As a general rule of thumb, one ride on troweling machine will do the work of 3 walk behind trowel machines. Due to the added weight, a ride on trowel machine is also great for panning and burn finishing concrete. However, ride on trowel machines do come at a cost and don’t suit every application.

When purchasing a ride on, all the above factors need to be considered as well as a few others, such as the following:

Manual steer or hydro steer 

Manual steer is normally featured on small to medium ride on troweling machines, however once you move up to larger machines, you may want to consider hydraulic steering, especially if you are considering panning with a larger machine.

Whilst manual steering is much cheaper and less complex to use, it requires greater effort to operate as you are physically moving the spiders. If you are panning with a manual steer machine for a long period of time, this will create a lot of strain on the operators’ upper body.

Hydro steering takes all the effort out of steering the machine as the hydraulics do the steering for you. But keep in mind hydro steering adds at least $10k to the price of the machine.

Big is not always best

A common mistake we see contractors make is buying the biggest machine available only to find it is not suited to what they do. If you are buying your first ride on trowel machine, we recommend a smaller machine that can both pan and finish. Once you are comfortable with that unit you may want to consider pairing it with a larger dedicated finishing machine to increase your fleet and capacity.

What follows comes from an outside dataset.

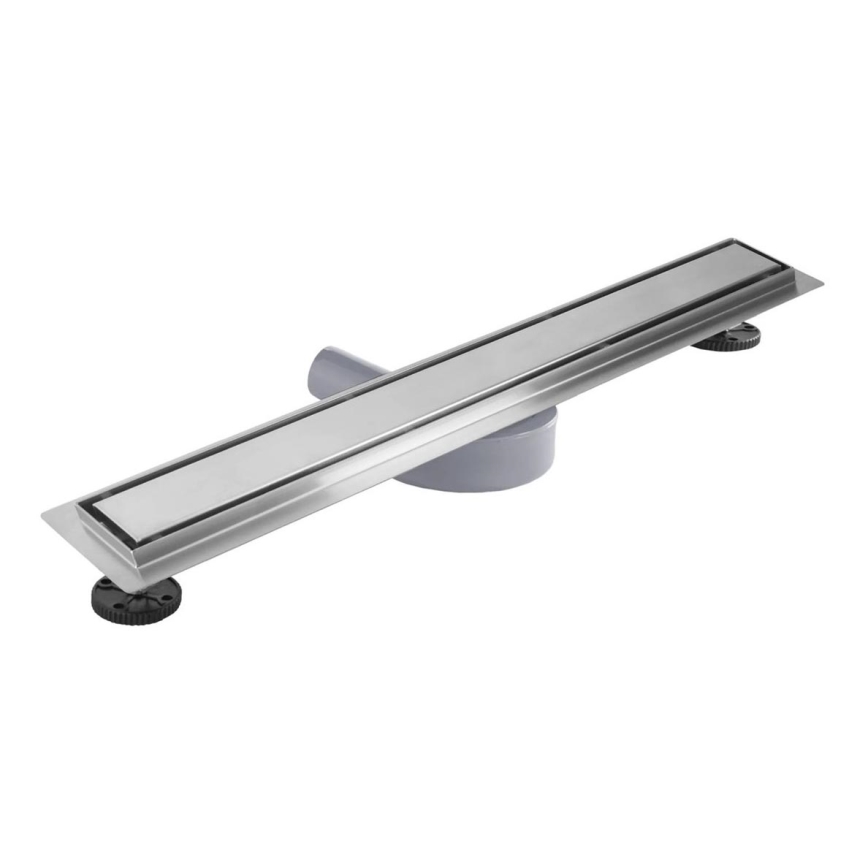 REA-G5807 - Odpływ liniowy NEOX PRO 60 cm stal nierdzewna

If you are considering purchasing a ride on trowel machine, we recommend talking to an expert first. Get in touch with our team by clicking here or filling out the contact form on this page.

Trowel machine size

Whilst some manufacturers offer different ranges of sizing, the following sizes are typical across most major brands:

  • 24” (600mm) – Typically with a rotating / edging ring
  • 30” (750mm) – Typically with a rotating / edging ring
  • 34” (850mm)
  • 36” (900mm)
  • 40” (1000mm)
  • 46” (1150mm)
  • 48” (1200mm) – To our knowledge, the Wacker 48” ride on trowel machine is the only true 48” trowel machine

The size of the machine generally refers to the troweling width of the machine. The type of work you are intending to do will influence the size you may require. There are no set rules as to what size machine is best for what job, but the following are our recommendations:

24 & 30” trowel machines

As mentioned above, these normally feature a rotating ring which allows the machine to trowel right up close to a wall. The ring rotates as you move along the wall. Both sizes are great for: 

  • Garages & small shed slabs
  • Stipple finishing driveways and pathways (using a float pan)
  • As a dedicated edging machine for industrial work

We will cover blades further in this blog, however it is important to note that these machines cannot be fitted with combination blades.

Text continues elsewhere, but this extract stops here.